• **REQUIRED WORK**
Take the listing below and print exactly the lines starting at the line containing "Adanya Gelombang Tinggi, Ribuan" and ending at the line containing "Tolena Apartment", both ends included, and no others.

=== STORED DATA ===

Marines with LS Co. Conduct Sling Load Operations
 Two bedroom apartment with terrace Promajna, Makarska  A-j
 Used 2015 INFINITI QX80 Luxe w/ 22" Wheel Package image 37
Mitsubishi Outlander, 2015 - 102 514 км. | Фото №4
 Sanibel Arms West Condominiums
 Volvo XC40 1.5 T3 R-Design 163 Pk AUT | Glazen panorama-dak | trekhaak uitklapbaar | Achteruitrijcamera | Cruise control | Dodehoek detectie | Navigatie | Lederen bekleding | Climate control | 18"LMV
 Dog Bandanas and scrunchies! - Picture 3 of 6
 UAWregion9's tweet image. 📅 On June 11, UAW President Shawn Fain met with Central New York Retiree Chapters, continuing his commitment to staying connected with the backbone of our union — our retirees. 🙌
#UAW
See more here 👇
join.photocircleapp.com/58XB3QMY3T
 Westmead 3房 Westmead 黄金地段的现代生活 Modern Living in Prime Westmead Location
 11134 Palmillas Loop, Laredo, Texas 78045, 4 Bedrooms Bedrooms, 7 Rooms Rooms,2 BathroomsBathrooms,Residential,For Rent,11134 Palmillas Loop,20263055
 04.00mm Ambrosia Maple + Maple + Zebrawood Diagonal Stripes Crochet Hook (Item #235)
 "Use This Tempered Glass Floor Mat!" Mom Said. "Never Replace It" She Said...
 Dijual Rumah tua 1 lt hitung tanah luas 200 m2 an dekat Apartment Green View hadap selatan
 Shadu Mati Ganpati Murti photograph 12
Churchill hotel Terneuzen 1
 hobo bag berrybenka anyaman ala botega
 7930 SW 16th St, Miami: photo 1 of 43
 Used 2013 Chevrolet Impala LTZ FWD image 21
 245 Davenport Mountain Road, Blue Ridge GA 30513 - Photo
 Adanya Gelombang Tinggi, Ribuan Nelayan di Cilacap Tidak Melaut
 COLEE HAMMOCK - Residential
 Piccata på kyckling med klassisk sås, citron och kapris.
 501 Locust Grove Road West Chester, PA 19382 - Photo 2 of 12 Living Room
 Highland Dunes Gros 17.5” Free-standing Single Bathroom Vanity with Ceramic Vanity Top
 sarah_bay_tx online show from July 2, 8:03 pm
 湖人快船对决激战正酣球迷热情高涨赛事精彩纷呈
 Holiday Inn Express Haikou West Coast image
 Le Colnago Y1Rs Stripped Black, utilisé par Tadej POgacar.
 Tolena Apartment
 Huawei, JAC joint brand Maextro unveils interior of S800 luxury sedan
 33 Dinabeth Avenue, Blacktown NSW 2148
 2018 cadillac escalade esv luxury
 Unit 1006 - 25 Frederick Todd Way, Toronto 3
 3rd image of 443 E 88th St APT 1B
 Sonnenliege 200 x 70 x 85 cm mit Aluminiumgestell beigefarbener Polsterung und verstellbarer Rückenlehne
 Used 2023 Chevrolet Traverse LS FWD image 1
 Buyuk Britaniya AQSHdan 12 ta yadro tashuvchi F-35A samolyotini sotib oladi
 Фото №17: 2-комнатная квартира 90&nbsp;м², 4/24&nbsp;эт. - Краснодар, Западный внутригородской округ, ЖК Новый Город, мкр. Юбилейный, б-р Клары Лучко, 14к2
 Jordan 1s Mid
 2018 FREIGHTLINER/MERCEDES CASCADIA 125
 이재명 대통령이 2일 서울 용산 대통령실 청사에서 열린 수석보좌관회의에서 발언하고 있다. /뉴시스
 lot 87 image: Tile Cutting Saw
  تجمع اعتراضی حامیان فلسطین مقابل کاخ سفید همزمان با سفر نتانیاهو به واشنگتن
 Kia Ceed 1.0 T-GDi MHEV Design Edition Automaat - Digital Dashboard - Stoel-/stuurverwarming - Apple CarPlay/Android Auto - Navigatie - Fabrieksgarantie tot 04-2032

===

• **RESPONSE BOX**
 Adanya Gelombang Tinggi, Ribuan Nelayan di Cilacap Tidak Melaut
 COLEE HAMMOCK - Residential
 Piccata på kyckling med klassisk sås, citron och kapris.
 501 Locust Grove Road West Chester, PA 19382 - Photo 2 of 12 Living Room
 Highland Dunes Gros 17.5” Free-standing Single Bathroom Vanity with Ceramic Vanity Top
 sarah_bay_tx online show from July 2, 8:03 pm
 湖人快船对决激战正酣球迷热情高涨赛事精彩纷呈
 Holiday Inn Express Haikou West Coast image
 Le Colnago Y1Rs Stripped Black, utilisé par Tadej POgacar.
 Tolena Apartment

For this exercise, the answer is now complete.